Brydon's independent audit review and the CMA's market study, must be examined for their effectiveness. This
is suggested by the government's Better Regulation Framework. Due to the entire cost of the package to
enterprises, it is vital to examine the anticipated benefits. After agreeing on the specifics of the measures and the
results of impact assessments, it is essential to engage with stakeholders to ensure that the final reform package
is effective and accomplishes its intended aims. During audits, complaints concerning behavior or quality are
most often expressed, according to our findings. The response must be immediate and decisive, concentrating on
governance, reporting, and auditing while avoiding actions of secondary impact. Audit companies and board
members need a tighter level of control. Due to the intricacy of the suggested modifications and the time and
effort needed to develop and assess them, careful prioritization is important. Without it, legislators and
regulators will be impotent, and the public should not anticipate any significant policy or practice reforms.

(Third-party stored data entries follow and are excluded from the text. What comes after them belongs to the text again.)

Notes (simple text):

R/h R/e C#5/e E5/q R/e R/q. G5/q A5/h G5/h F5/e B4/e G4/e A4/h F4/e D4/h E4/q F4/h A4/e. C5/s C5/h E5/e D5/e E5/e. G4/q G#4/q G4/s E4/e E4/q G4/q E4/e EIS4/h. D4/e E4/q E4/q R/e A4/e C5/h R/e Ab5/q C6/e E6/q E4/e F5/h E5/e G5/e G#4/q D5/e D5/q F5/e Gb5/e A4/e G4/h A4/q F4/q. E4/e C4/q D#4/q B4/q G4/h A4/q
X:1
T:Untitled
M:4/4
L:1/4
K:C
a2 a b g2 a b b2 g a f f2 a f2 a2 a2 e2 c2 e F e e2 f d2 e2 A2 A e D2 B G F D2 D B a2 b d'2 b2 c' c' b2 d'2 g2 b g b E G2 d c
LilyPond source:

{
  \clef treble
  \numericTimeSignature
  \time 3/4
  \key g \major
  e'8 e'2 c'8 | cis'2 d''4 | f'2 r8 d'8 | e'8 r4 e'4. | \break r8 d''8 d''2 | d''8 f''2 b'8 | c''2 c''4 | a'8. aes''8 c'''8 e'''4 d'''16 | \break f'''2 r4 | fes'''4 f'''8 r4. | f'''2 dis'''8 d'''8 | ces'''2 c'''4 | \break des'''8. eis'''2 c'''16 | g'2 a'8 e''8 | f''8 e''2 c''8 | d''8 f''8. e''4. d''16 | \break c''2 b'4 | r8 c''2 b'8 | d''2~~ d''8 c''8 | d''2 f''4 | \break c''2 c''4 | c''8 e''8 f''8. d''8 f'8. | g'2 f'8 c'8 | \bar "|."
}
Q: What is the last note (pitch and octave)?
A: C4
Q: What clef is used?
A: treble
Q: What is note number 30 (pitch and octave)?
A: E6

Specifically, we recommend the following objectives for auditors and board members: The Institute of
Chartered Accountants in England and Wales (ICAEW) believes that the current system may be improved by
prioritizing stability over turmoil, rethinking fraud, improving audit reporting, and arguing for proportionality
(ICAEW representative, 64/19). Regarding director responsibility and requirements under the Companies Act,
the ICAEW believes the new regulator should be given additional authority. Directors are required by the
Companies Act to maintain accurate financial records at all times (section 386). According to REP 64/19, this
might form the basis of a new framework in the United Kingdom that imposes higher internal control criteria on
both directors and auditors. In addition, we advocate stricter implementation of Section 501 of the Companies
Act, which renders misleading auditors a criminal. If this were highlighted more, it would hammer home the
message that executives and directors are responsible for providing auditors with all pertinent information. The
Court of Appeals ruled that as stated, the statute does not apply to enterprises. For ARGA to take action against
companies, the legislation must be amended.